Workers Party poster

The Workers Party (Socialist Unity Party) (Arbeiter-Partei (Sozialistische Einheitspartei)) was a political party in West Germany. The party was founded in Offenbach in the autumn of 1945. The party sought to profile itself as a third alternative to the Social Democratic Party of Germany (SPD) or the Communist Party of Germany (KPD). Between 1946 and 1947 the party expanded to other towns in Hessen. The party gathered former members of the Communist Party of Germany (Opposition) (KPO) and the Socialist Workers Party (SAP).

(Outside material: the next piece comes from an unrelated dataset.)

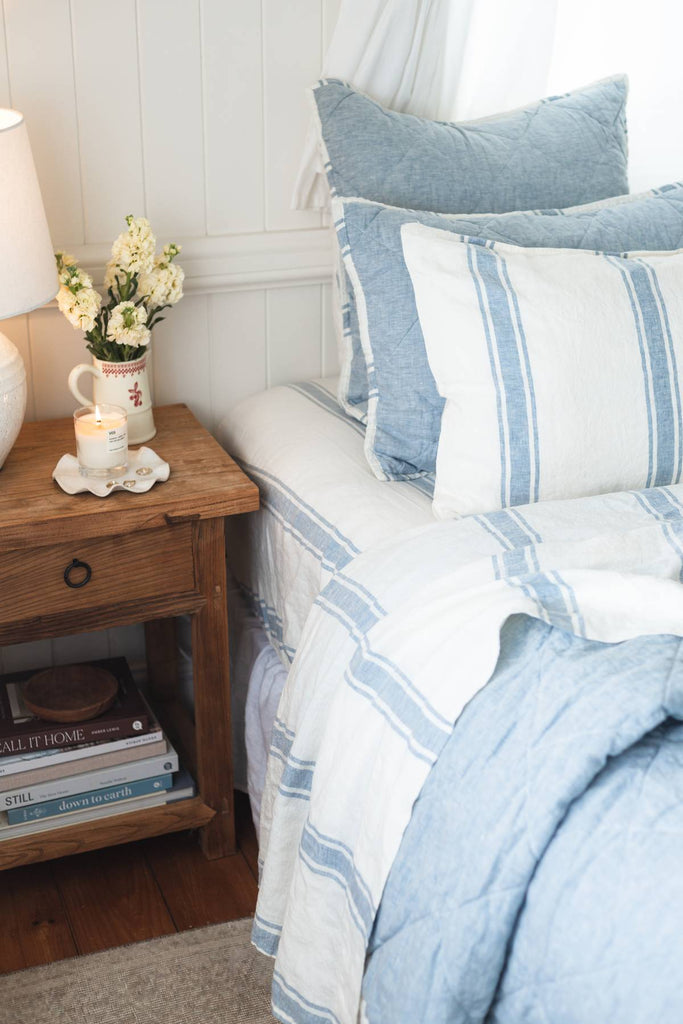 Bedroom with striped bedding, wooden nightstand, and floral arrangement.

Heinrich Galm was the chairman of the party, former chair of the KPD branch of Offenbach and former leader of KPO and SAP. Another key leader was Philipp Pless, party secretary and chair of the Frankfurt branch.

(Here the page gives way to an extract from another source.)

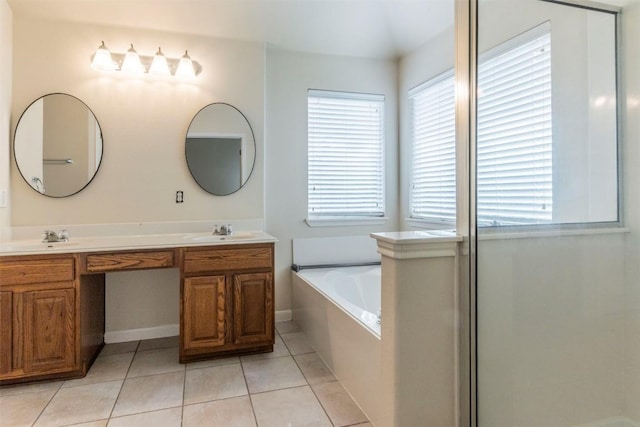 full bathroom featuring a sink, tile patterned flooring, double vanity, and a bath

The party won 1.5% in the April 1946 Hessen local elections. In the subsequent Hessen regional assembly election, the party fielded candidates in 39 constituencies, obtaining 0.6% of the votes. In Offenbach, it obtained 15.8% of the votes. In Frankfurt, it obtained 0.6%.

The first regional assembly of the party was held on 18 August 1946, with 61 delegates representing 23 towns in Hessen and 4 towns in other parts of the country. The assembly voted to remove "Socialist Unity Party" from the name of the party. In 1946 a Workers Party group was formed in Baden-Württemberg by merging ex-KPO and ex-SAP members, which registered itself as a political party in 1947. On 18 October 1947 the party held its first public meeting in Stuttgart. It obtained 2% of the votes in the Stuttgart local elections of December 1947. A Bremen Workers Party was also formed.

In 1951 a number of local politicians in Offenbach left the party for SPD. The remainder, including Galm, joined SPD in 1954.